Fun fact: I’m still making small tweaks to these strips from their original appearance. Small stuff. Both tightening up the script and tightening up the lettering, at which I’d like to think I’ve improved over the years. When I first started working on comics digitally, I did (like many beginners) my lettering in Photoshop, which seemed to make sense, since I was working on the artwork there anyway. Keep it all in one place, right? But Photoshop is not great for comics lettering (or really any other sort of page design/layout)–it’s too inflexible, and if you’re intending to ever print your comic, working in raster as opposed to vector format will hurt you in the end.

That said, I started this all-Photoshop and all the files still are in that format, and no way am I re-lettering it all in Illustrator unless I absolutely have to, so … I’m fixing what stylistic things I can along the way, and not worrying about the rest.
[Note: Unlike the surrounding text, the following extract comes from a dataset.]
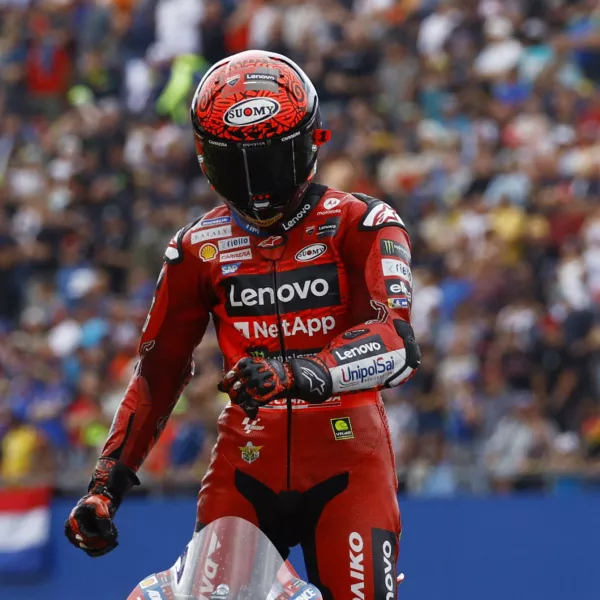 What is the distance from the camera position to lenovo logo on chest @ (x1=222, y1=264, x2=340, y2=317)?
578 centimetres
I mean, I like the “look” of the lettering for The Utopian (both series), so why muck with it?

Anyway, here’s the original commentary to this strip from April 23, 2012:

My original script had a lot of “realistic” use of foul language, but I’m trying to keep this strip as all-ages friendly as possible while still maintaining its complex characters, themes and adult situations. In the first Utopian series, I used asterisks to blot out expletives, but I kinda hate that, because you know what the word is, and all I’m doing is impeding your reading.

That said, I was watching a lot of “The Wire” while writing the first 40 strips, so who knows?